Instructive it was, the diligence with which a funeral parlour was recently closed, even more justifiably in these pandemic times. Such facilities at this time must be more than simply crowded, indeed overwhelmed. When one sees the daily count of Covid deaths, and the projections of so many more to come, overlooking in the process that there are also other deaths (including too many by violence). But there is no recording in the press about how and where these regretted departed are buried. Many would have been pensioners – former employees of public and private sector organisations, who one wonders how much they mourn losses, if any, except when the employee is quite senior. On the other hand, it must be this collective indifference to ‘departures’ by an insensitive management corps which results in the chronic degradation of the Capital City’s main cemetery – Le Repentir. One recent incident involved the hiring of a contractor to clear heavy bush to accommodate the specific burial location – an indecent descent from an earlier and most condolescent spiritual pulpit.

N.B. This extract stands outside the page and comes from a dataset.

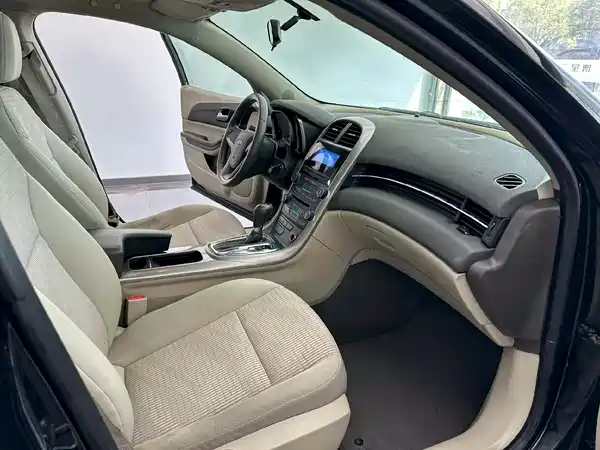 Chevrolet Malibu 2014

It is truly remarkable, that with all the evidence, and even more talk, of wealth and prosperity, health, climate change, not to mention crime, that neither individual nor group of decision-makers seem to care that this forested representation of our city’s history now stands out as an embarrassment – exposed to the increasing influx of foreign residents. Not unlike the collapsing City Hall, it reflects, at a minimum, a poor sense of our cultural aesthetics. More fundamentally, and at a spiritual level, we keep displaying a shallowness of feelings for those we perfunctorily send to ‘the great beyond’ – better referred to as ‘bushy park’ – by the bereaved who must go back in search of their lost ones. ‘Rest in peace’ would have become an anachronism. Could not the several private sector organisations who have the capacity to set an example for their public sector counterparts, combine to restore the now vandalised location to its prior state of peace which we all prefer? Hopefully, the churches, however silent, would offer prayers. But a weeping mourner screamed: Why don’t they burn away the place with some crematoriums?